Coping through these tragedies — the tragedy in knowing that someone you idolize has altered someone’s life for the absolute worst, that is, not the tragedy in losing someone to adore — is never easy. There is no objectivity in approaching these situations save for accountability on the part of the accused and their publicists, and a zero-tolerance policy on abuse. Often, your bullshit detector goes off (I know mine did when reading PWR BTTM’s response). Other times, there is a genuine degree of uncertainty or even clarity that the person accused is innocent. But most of the time, love for the accused predicates objective evaluation and consideration that, hey, maybe Freddie Gibbs, Michael Gira, Roman Polanski, maybe they have the capacity to hurt just like anyone else.

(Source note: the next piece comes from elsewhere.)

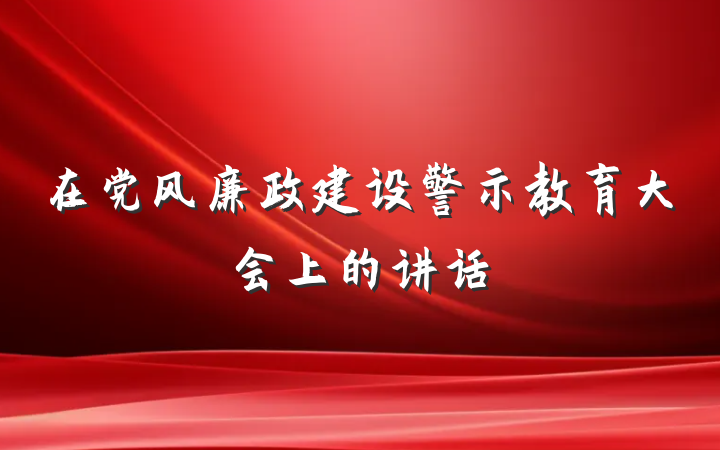 在党风廉政建设警示教育大会上的讲话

Separating art from the artist is a difficult task for many who cling on to the work of the accused. From personal experience, there’s a tendency to frame the issue like a parent and child. Sure, the parent is a horrible person, but their child is a separate entity whose worth shouldn’t be derived from their folks. The purpose of this article is not to dismiss the validity of that approach. I even find myself thinking that way when retroactively pondering the significance of some of Polanski’s work. Rather, the point here is that the issues go beyond adoration of an accused abuser’s work. Forget “Rosemary’s Baby,” forget “Chinatown,” someone was literally raped — nevermind how good a director he is. For some, it’s a difficult mindset to adopt, one that reframes our understanding of empathizing with victims, especially when considering how supposed enablers fit into the equation. Is it just to boycott all work put out by Mia Farrow, who maintains that Allen raped her child, by virtue of working on “Rosemary’s Baby?” What about Nicki Minaj? Should I remove “The Pink Print” off my iTunes library by virtue of her sympathizing with her brother as he faces allegations about raping a 12-year-old girl? There’s no clean-cut answer here.

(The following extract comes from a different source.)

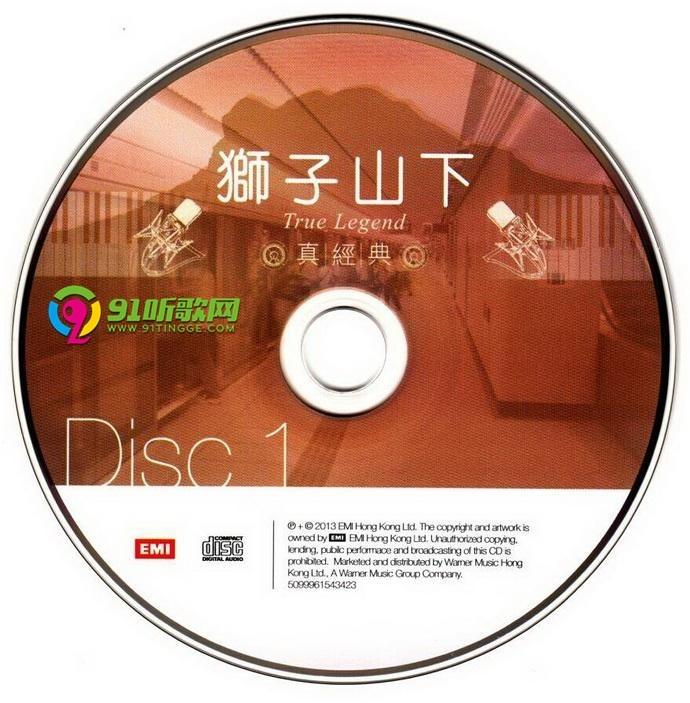 Emi群星 狮子山下真经典 6cd Wav Cue 无损音乐吧 Dtshot Com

The allegations Hopkins are facing are incredibly serious and highlight the difficulty in trusting public figures feigning decency. Sounds terrible, it does, there truly is not a universe I could imagine where one my favorite actors on earth, Steve Buscemi, partakes in statutory rape like in “Trees Lounge.” But on that note, it should be noted that Hopkins has had a history of less-than-desirable actions, including anti-Semitic, racist and generally questionable behavior. So if someone whose entire foundation is based on curating a space in the DIY community, someone whose identity as a queer person is (in theory) antithetical to the preconceived notions of who or what a predator is like, then the truth is a grim one. It speaks to the importance of pointing scummy shit out when you see it, a reminder that only through collective efforts to stamp out abuse — both physical and mental — can cultures hope to eliminate, or at least reduce, these types of behaviors that exist in the rape culture we live in.